Sunday, September 12, 2010

Mt. McKinley

Clarine and I returned from our trip to Alaska on 10 September 2010. We left on 31 August. We didn't actually board the ship until 3 September in Seward, Alaska. On 31 August we left Salt Lake around 2:00 PM on Frontier Airlines flying first to Denver. Leaving Denver about 6:00 PM we flew on Frontier to Anchorage, Alaska arriving at midnight in Salt Lake (10:00 PM in Anchorage). Anchorage is a much larger city now than it was about sixty years ago. (For the information of my children and grandchildren, that was where I met your mother and grandmother, Carol, who was in Anchorage teaching school. I was there in the army.) Clarine and I and the Solomons left a day earlier than the rest of the cruisers because we wanted to visit Denali National Park.
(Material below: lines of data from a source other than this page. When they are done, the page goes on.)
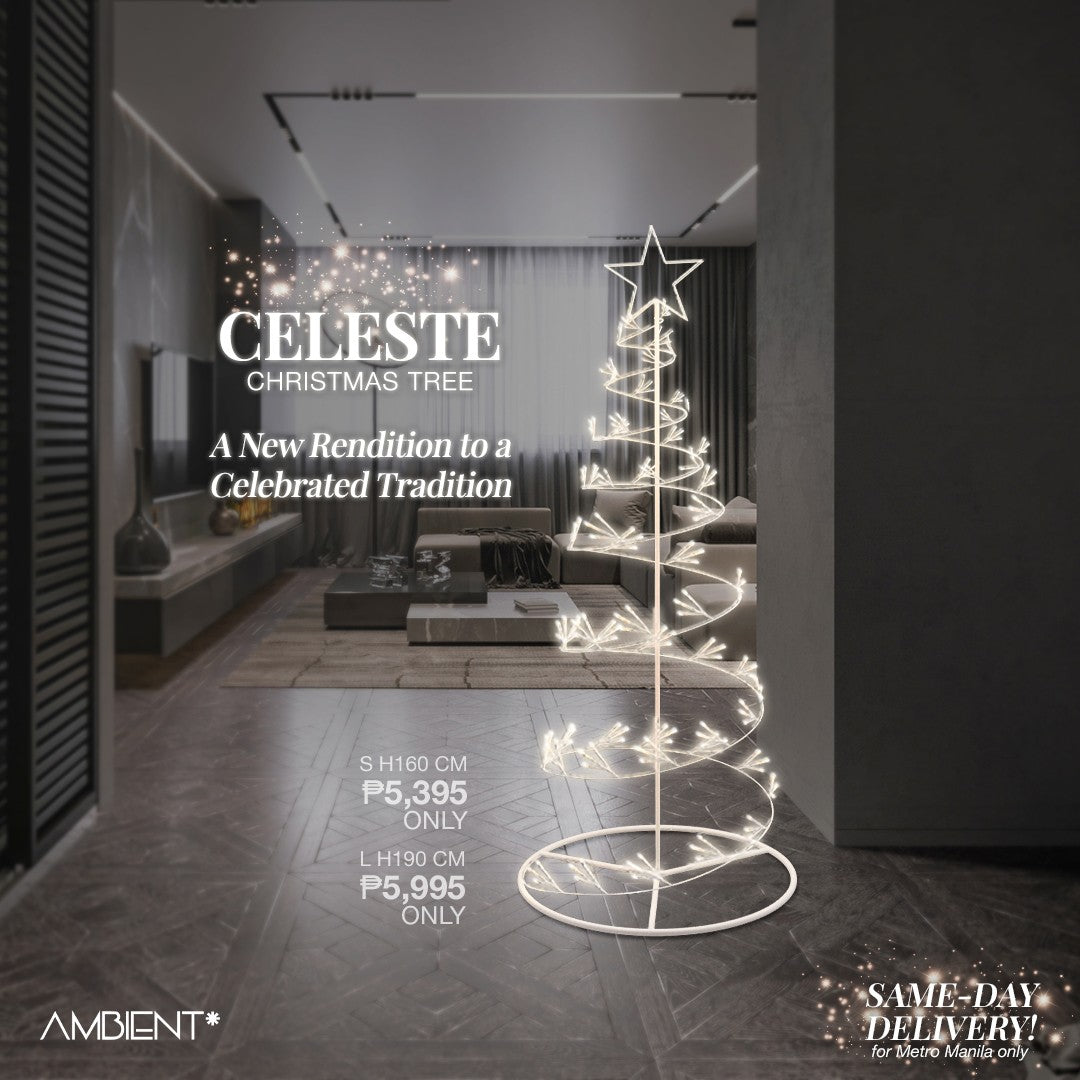 Celeste Christmas Tree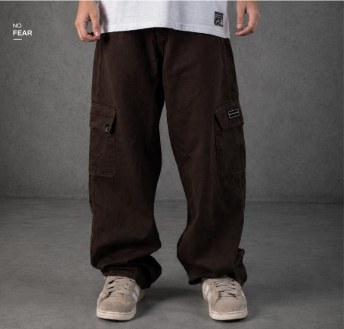 Pantalon Calmness - Pantalones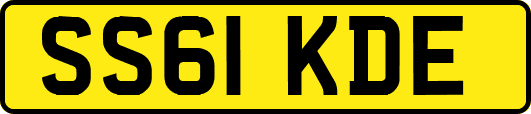 SS61KDE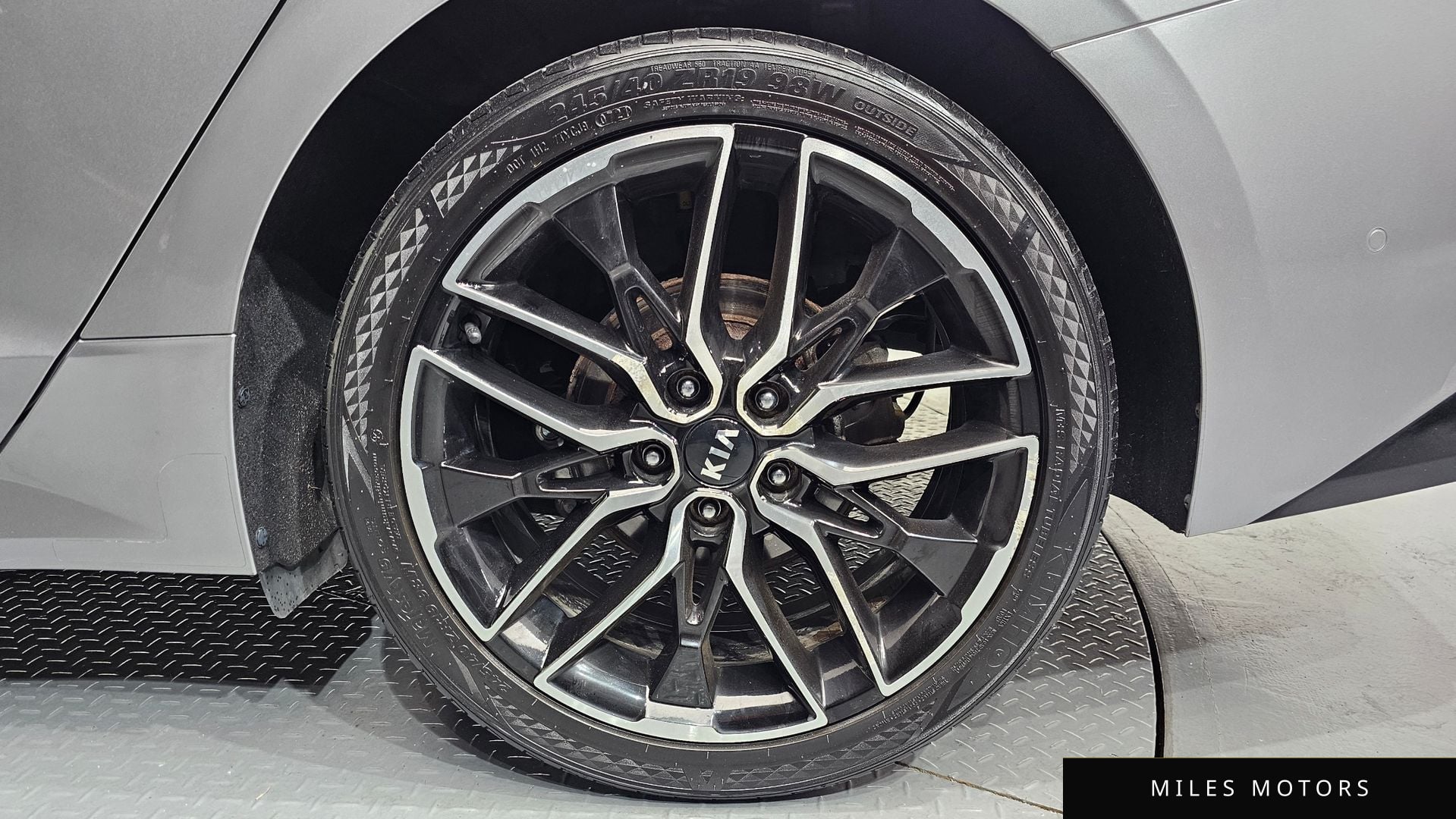 Kia K5 2020 — миниатюра 7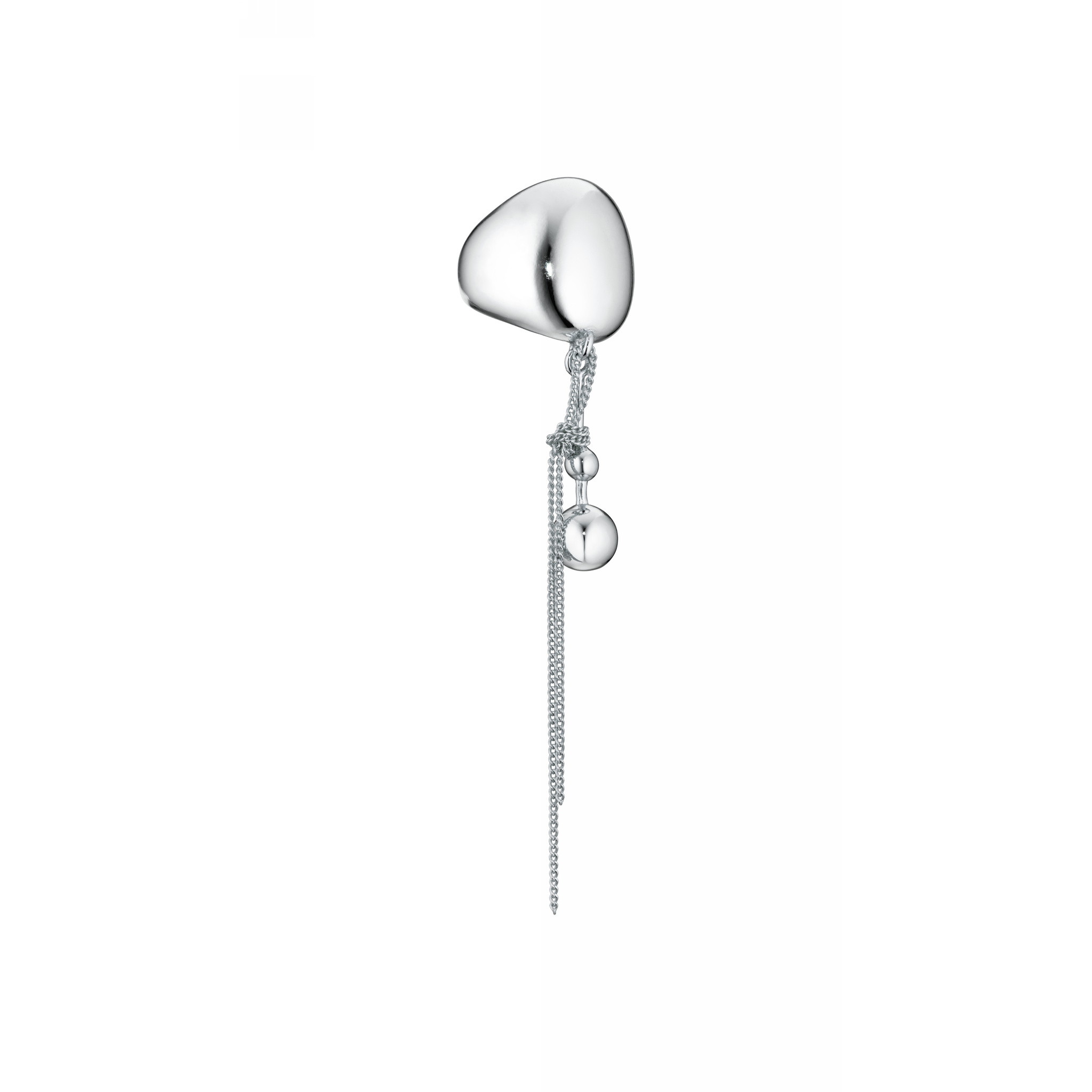 

Кафф Bubble Word Cuff With Pendants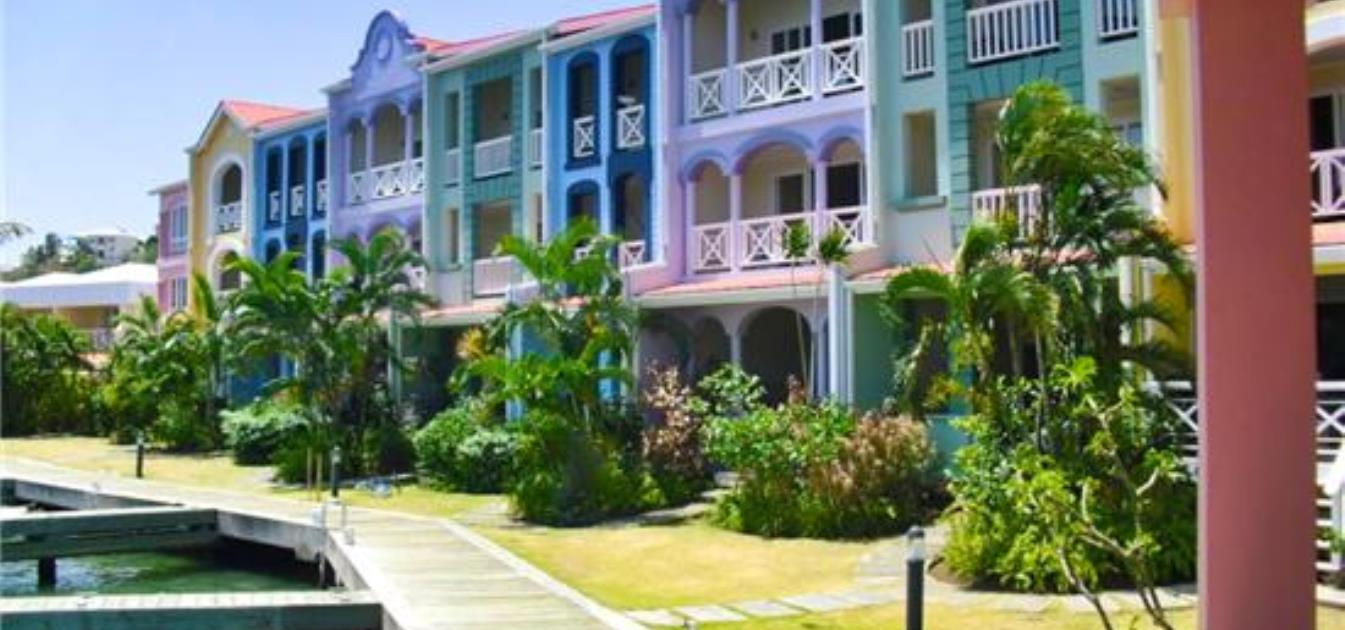 6 The Harbour Island Properties for Sale Rodney Bay, St Lucia, St Lucia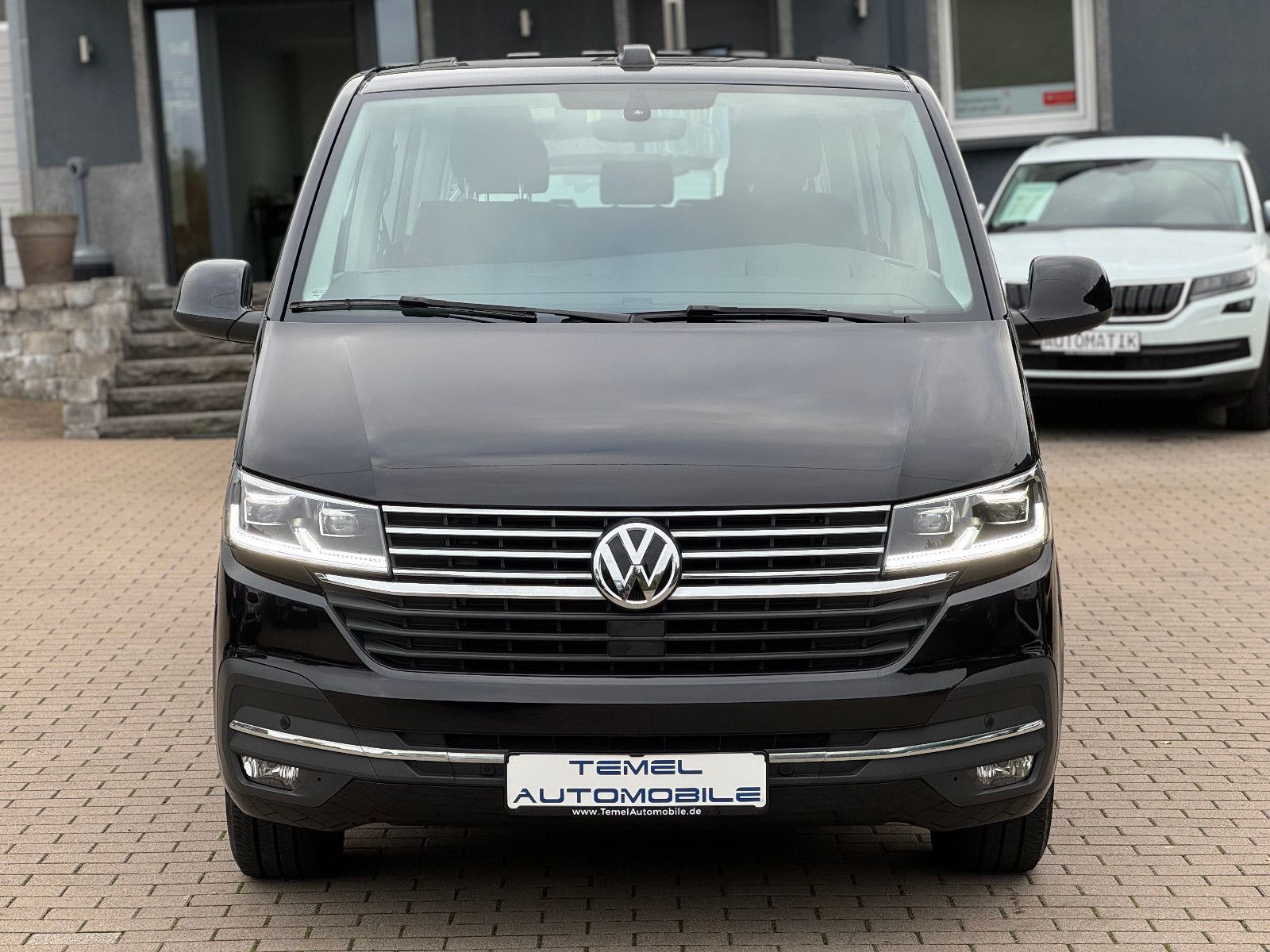 VW T6 Multivan, 2021, Diesel, 150 PS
Consequently, we rented a car at the airport in Anchorage and left the next morning for the park. We drove there in a little over four hours. As we drove the scenery around us was mountainous, rustic and beautiful. The highway bypasses Denali National Park - access to the park being on a side road from the north-south highway. Perhaps an hour from the park there was a view point for Mt. McKinley. My guess that it was some eighty miles away. There were quite a few clouds, but we could pick it out. When we got to the park, we checked in to our hotel to sleep and leave early the next morning for a bus tour of the park - about six hours. We saw lots of wild life - dall sheep, moose, bears, foxes, eagles - many of each. The tour ended at the last of the improved road with Mt. McKinley still some thirty miles in the distance. You have to be really be roughing it to go further. The "Tall One" as the Indians call it, is the Highest peak in North America at over 20,000 feet elevation from a base that is not a lot above sea level; it makes a very tall mountain. I have included a few photos that are representative of the park. Some of them show Mt. McKinley about thirty miles away. When one talks to people about visiting the park and seeing the mountain, the response is something like,"You'll be lucky if you can see it for the clouds." We were lucky; the day was crystal clear. In fact the entire trip seemed to be somewhat charmed. I will write further about the vacation in a subsequent posting. gwh















2 comments:

bevanmission said...

It's wonderful to have you back home! Your photos are great! Except, aren't you too close to those bears? Errol has always wanted to visit Alaska, but I'm not partial of anything North of Cache Valley! (It always seems tooo cold!)

Evelyn said...

Beautiful photos! I want to go to Alaska!